Markus Grompe, M.D., is responsible for forward-thinking research on the use of in vivo selection to enhance gene and cell transplantation therapy in the liver, work for which he is known worldwide. An additional focus of Grompe’s work includes hepatic stem cells and their use in therapeutic liver repopulation. Ultimately, the goal of his work is to contribute to the development of innovative treatments for metabolic liver diseases, among others. He is currently a Professor at Oregon Health Sciences University and Director of the Oregon Stem Cell Center in the Papé Family Pediatric Research Institute.

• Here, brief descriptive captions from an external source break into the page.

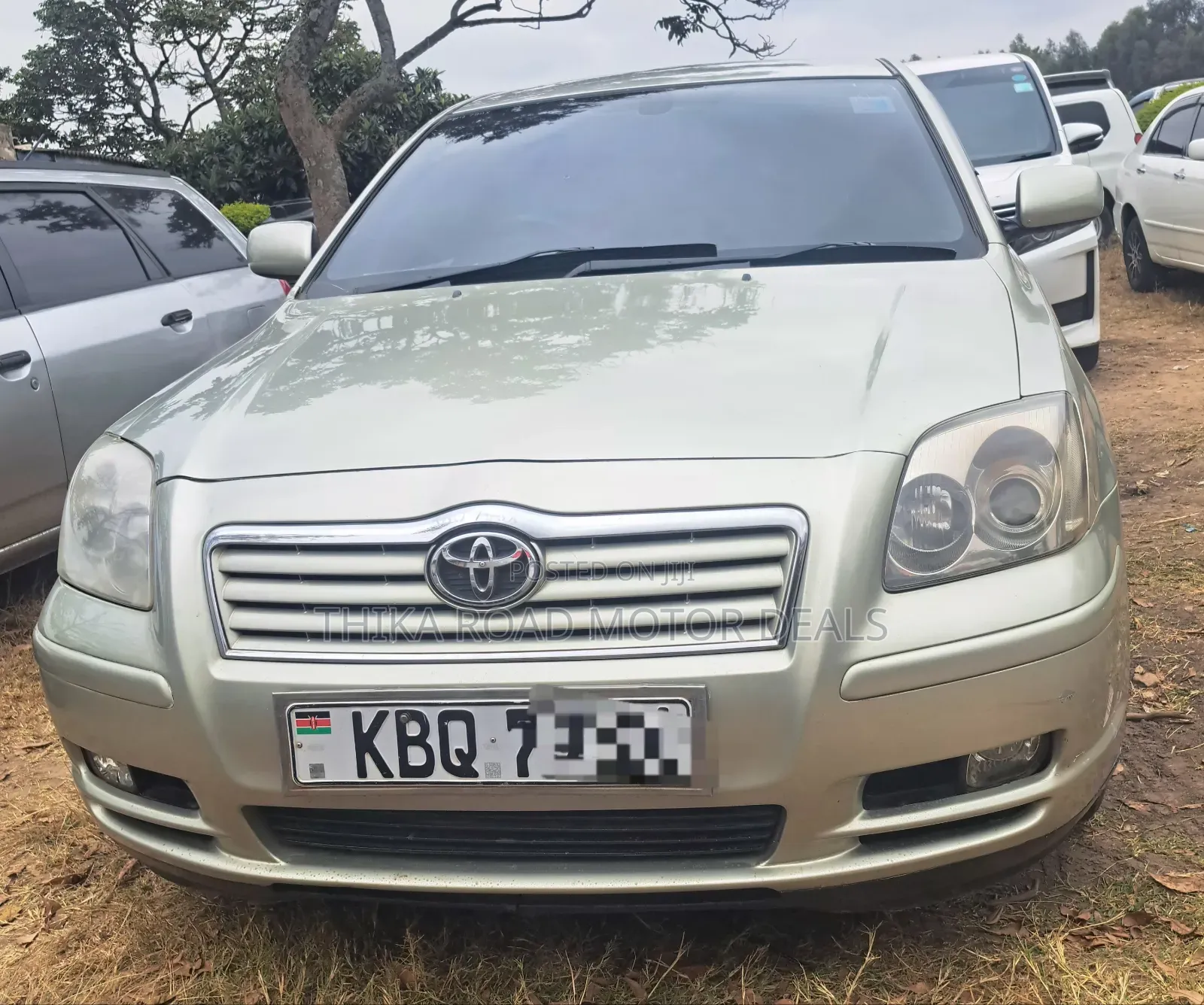 Toyota Avensis 2005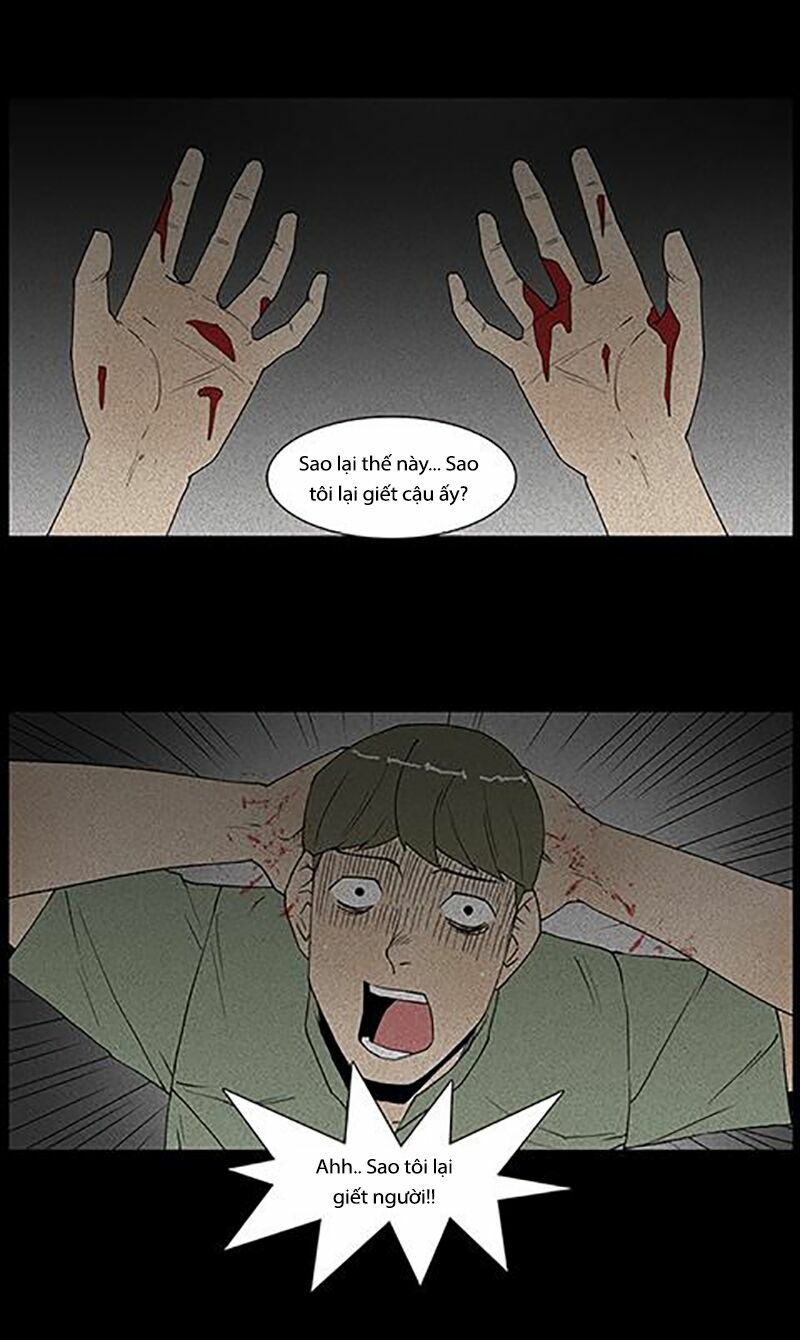 Kinh Dị Đêm Khuya: Chapter 38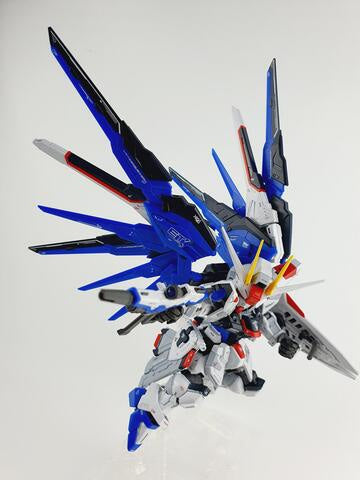 Delpi Water Decal (ดิแคลน้ำ) MGSD Freedom Gundam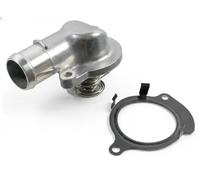 Termostato con carcasa (cárter) 33 11 0635 SWAG para VW TOUAREG MULTIVAN T5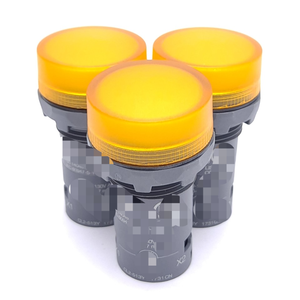 3er-Pack Cl2-513y 1sfa619403r513wbr3 LED-Kontrollleuchte, Gelb, 110-130VAC Neu Original Sofort Lieferbar Industrieautomation Pac D - Product Image 1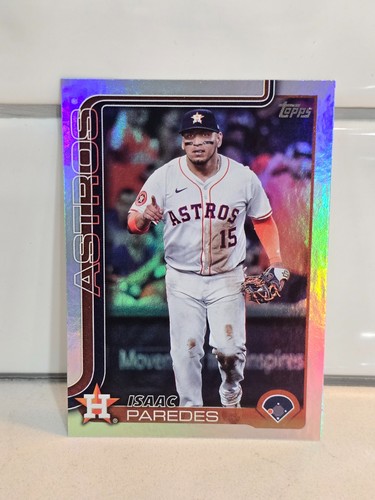 Paralelos e insertos de actualización Topps 2025 - Imagen 64 de 467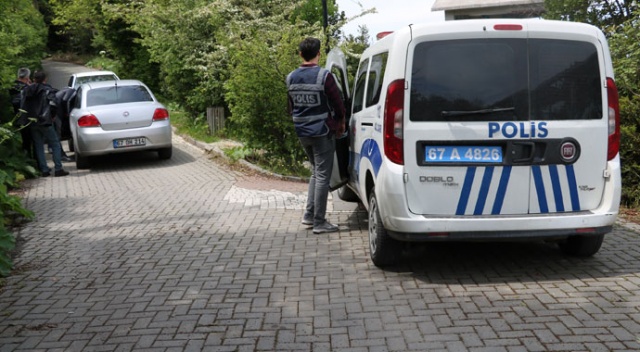 '5 dakika sonra haberim gelir' dedi polisi alarma geçirdi '5 dakika sonra haberim gelir' dedi polisi alarma geçirdi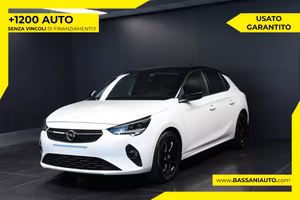 OPEL Corsa 1.5 D 100 CV Edition
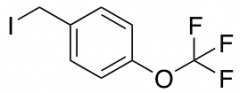 1-(Iodomethyl)-4-(trifluoromethoxy)benzene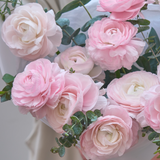Bouquet of Pink Ranunculus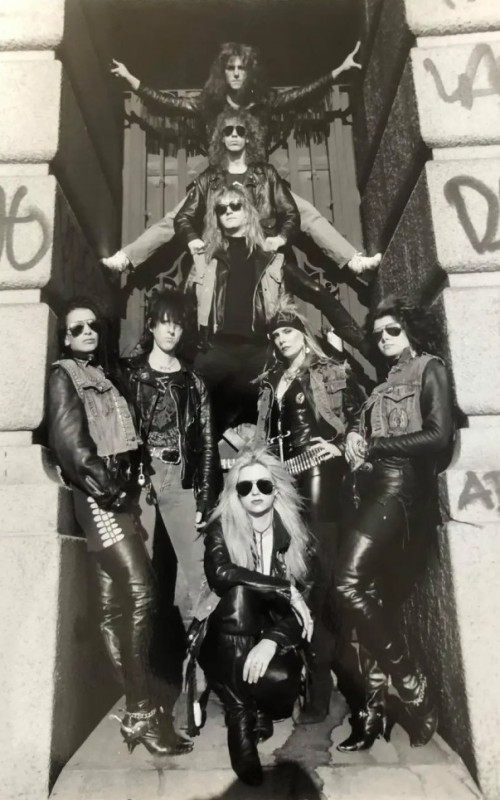 Cycle Sluts from Hell photo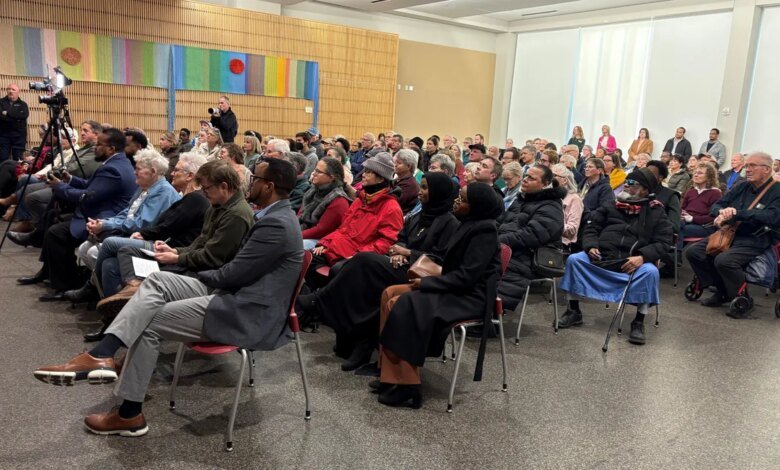 Minnesota Somali community faces 'volcano' of controversy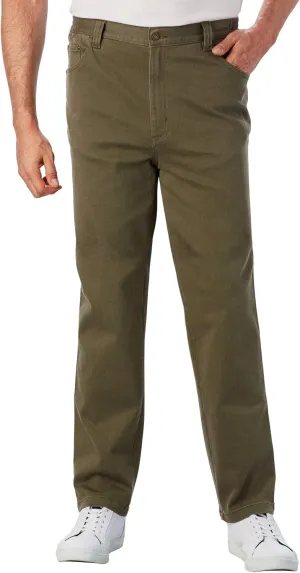 Liberty Blues by Kingsize Men's Big & Tall Flex Denim Jeans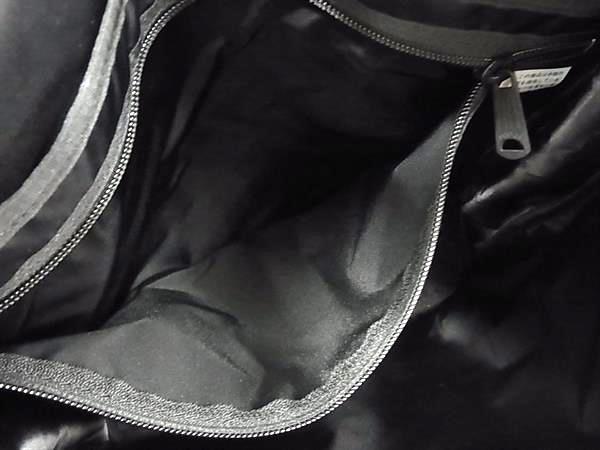 ■新品■未使用■ PORTER ポーター 吉田カバン レザー×ナイロン 2WAY ショルダー トート リュックサック ブラック系 FU4214_8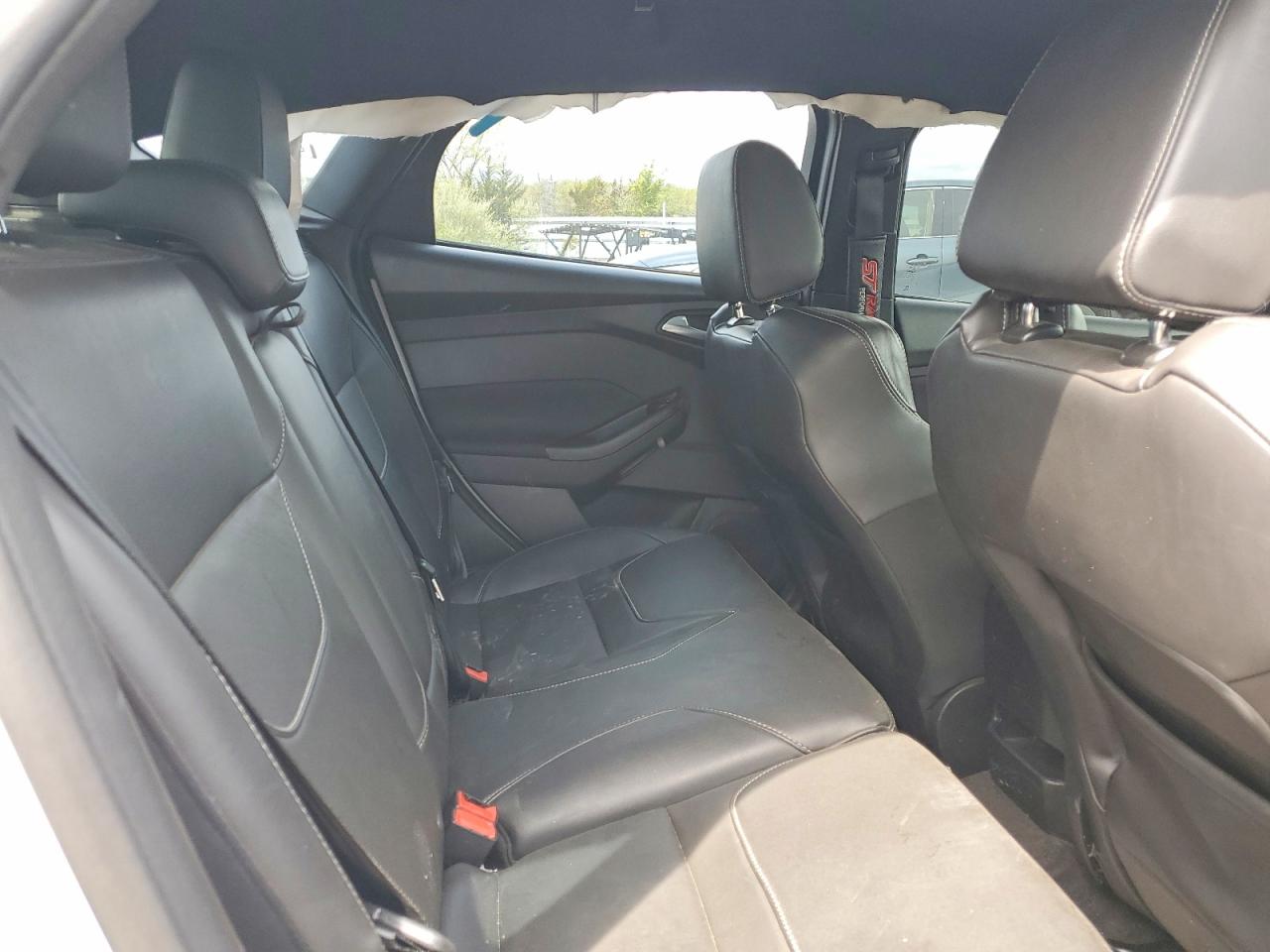 2018 FORD FOCUS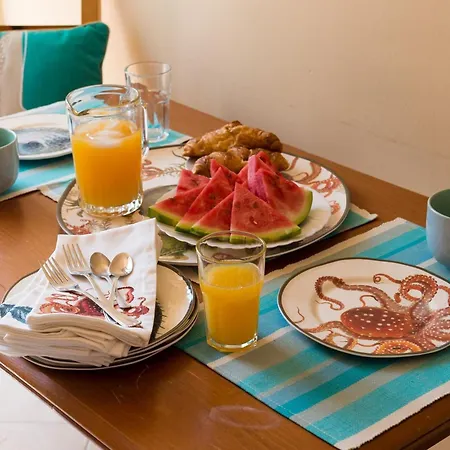 2 Bedroom With Balcony Apartment *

Grompe received his M.D. from the University of Ulm Medical School in Germany, trained in Pediatrics at Oregon Health Sciences University and Baylor College of Medicine, where he was a Fellow in the Pediatric Scientist Training Program in the Institute for Molecular Genetics. He has published over 200 articles in peer-reviewed publications, holds multiple patents, and has been honored with awards such as the E. Mead Johnson Award for pediatric research and the Merit Award of the Fanconi Anemia Research Foundation.